Speaker
Description
In the context of inflation, we show how to account for quantum modes in general and numerical relativity on scales bigger than the Hubble radius, from where they behave classically and can grow non-perturbatively.
We provide a formulation of Stochastic Inflation in full general relativity that goes beyond the slow-roll and separate universe approximations. Starting from the initial conditions problem in numerical relativity, we show how gauge invariant Langevin source terms can be obtained for the complete set of Einstein equations in their ADM formulation by providing a recipe for coarse-graining the spacetime in any small gauge. These stochastic source terms are defined in terms of the only dynamical scalar degree of freedom in single-field inflation and all depend simply on the first two time derivatives of the coarse-graining window function, on the gauge-invariant mode functions that satisfy the Mukhanov-Sasaki evolution equation, and on the slow-roll parameters. Stochastic gravitons sources can also be accounted for.
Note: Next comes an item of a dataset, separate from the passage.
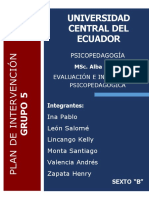 Plan de Intervención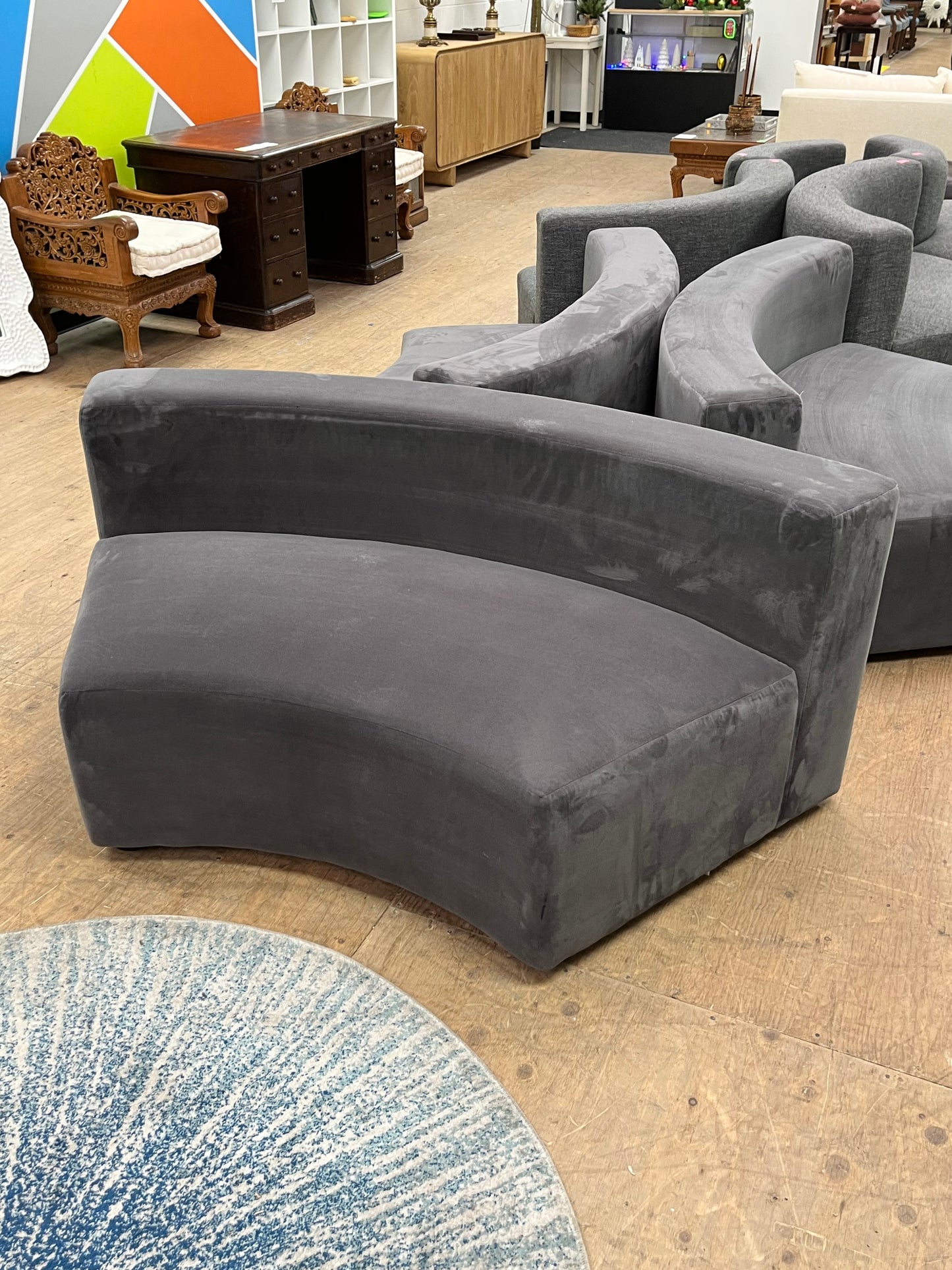 Modular Suede Rounded Sectional Seat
We validate the efficacy of these Langevin dynamics directly using an example in uniform field gauge, obtaining the stochastic e-fold number without the need for a first-passage-time analysis. As well as investigating the most commonly used gauges in cosmological perturbation theory, we also derive stochastic source terms for the coarse-grained first-order BSSN formulation of Einstein's equations, which enables a well-posed implementation for 3+1 numerical relativity simulations.